Having spent more than a decade in frontline UK politics, Hunt is now the latest senior politician to tell us that allowing pension schemes to invest in illiquid assets is one of the solutions to unlocking "British" ingenuity, innovation, and – the key word – "growth". Indeed, there were murmurs of this plan in the 2021 Budget, when the Treasury tasked the Department for Work & Pensions with investigating reforms to the defined contribution pension rules.
Advisers have had their say from an investment perspective this week. Though many agree equity investing should be central to any successful retirement plan, the extent to which you allocate capital to that asset class is the subject of a huge debate, particularly when it comes to those approaching and in retirement. Not everyone thinks "lifestyling" your way into safer strategies as you approach the end of full-time work is a good idea.
It follows that allocating to illiquids is an entirely different kettle of chips. And it just so happens with Woodford we have a very recent example of it going seriously wrong.
I will refrain from apportioning specific blame myself, unfamiliar as I am with Mr Woodford personally, and the people in charge of the oversight system we are told failed to protect investors. However, I would like to ask whether there is a coincidence at the heart of this. Back to 4 June 2019.
Terrible Timing
On 4 June 2019 Jeremy Hunt was actually riding high. Not just in his then-role as foreign secretary, but in his candidacy for leadership of the Conservative Party and prime minister of the United Kingdom of Great Britain and Northern Ireland. Because the real backdrop to the Trump visit and the business roundtable was another Westminster crisis.

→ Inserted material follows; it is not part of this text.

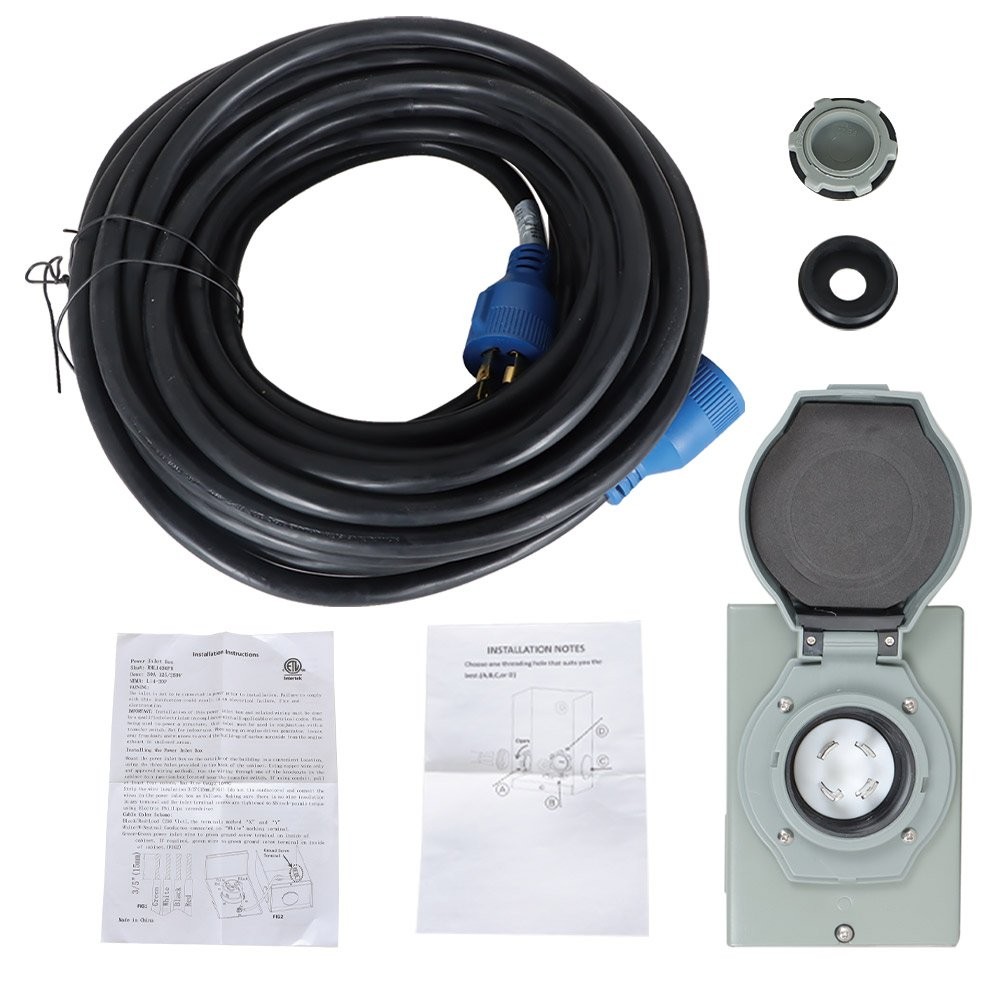 30 Amp 25/50/75/100Ft L14-30 Generator Extension Power Cord Power Inlet Box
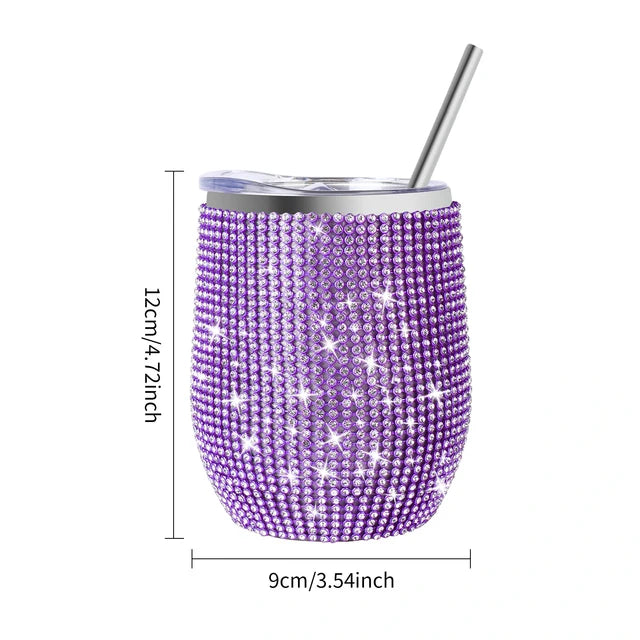 12oz Luxury Diamond Rhinestone Wine Tumbler - Insulated Stainless Steel Cup with Straw & Lid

Theresa May had thrown her majority in the Commons away in 2017, leading to stalemate after stalemate as the country digested how close it had come to having Jeremy Corbyn in Number 10, and how difficult it was going to be to finalise Brexit. Having been talk of the town just three years before, it was suddenly all over.
Hunt would later lose the contest to Boris Johnson, but on that day, things were going well. He had received the endorsement of fellow leadership candidate Liam Fox, the veteran Brexiteer Conservative MP for North Somerset and former defence secretary-turned secretary of state for International Trade (you will remember Fox had stood against David Cameron, David Davis and Ken Clarke in 2005, which made him a "senior Tory" long before he ever held high office).
This narrative matters. It cannot be a coincidence that, on a day where tens of thousands of ordinary UK retail investors were getting dreadful news, Westminster was preoccupied with another popularity contest. We have almost become accustomed to it. The drama that has ensued since makes me even nervier about such a big policy swing – at a time when policy makers would be wise to read the room.
I have wondered about that this week as Hunt stands centre stage once more to say that, in effect, this time it could be different, which is a phrase you never want to hear as an investor. After all, one of the UK’s largest pension funds was a Woodford investor. To that end, we would all be wise to tread cautiously. The dust hasn't even begun to settle on this saga.